Task instructions: Exactly as they appear below, repeat the lines from the one with "Miasto nie wyrzuci bezdomnych z metra" through the one with "شقة بغرفتين نوم وصالة". Drop every picture.

Entries provided:

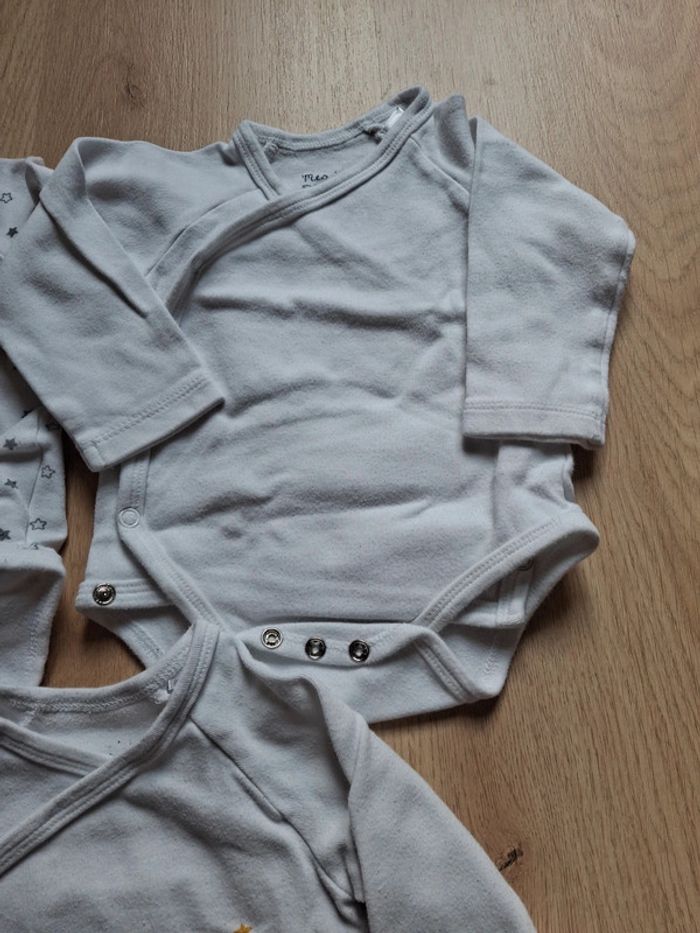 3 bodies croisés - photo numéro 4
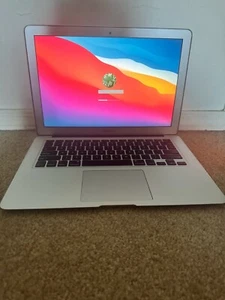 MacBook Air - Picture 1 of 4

==

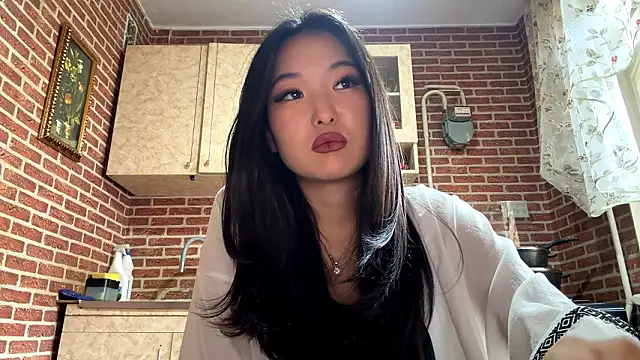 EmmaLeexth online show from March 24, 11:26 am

==

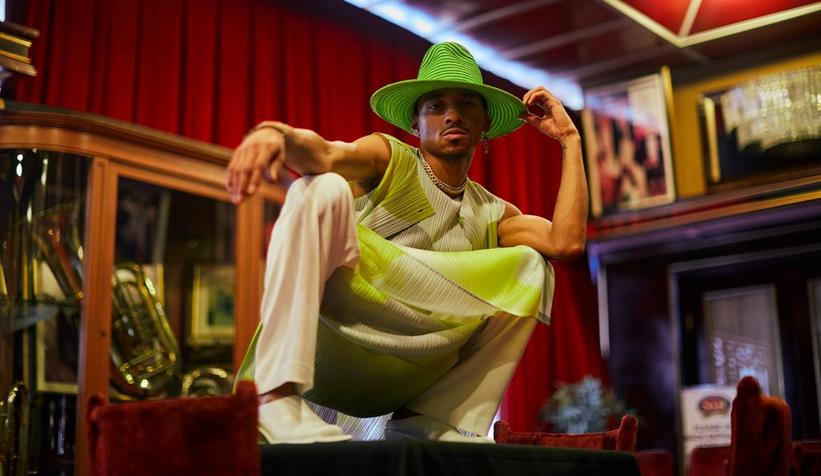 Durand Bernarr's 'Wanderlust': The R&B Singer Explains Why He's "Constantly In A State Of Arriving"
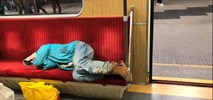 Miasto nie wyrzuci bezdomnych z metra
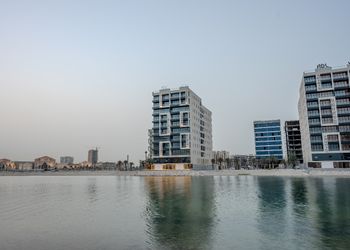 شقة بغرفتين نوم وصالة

Task solution:
 Miasto nie wyrzuci bezdomnych z metra
 شقة بغرفتين نوم وصالة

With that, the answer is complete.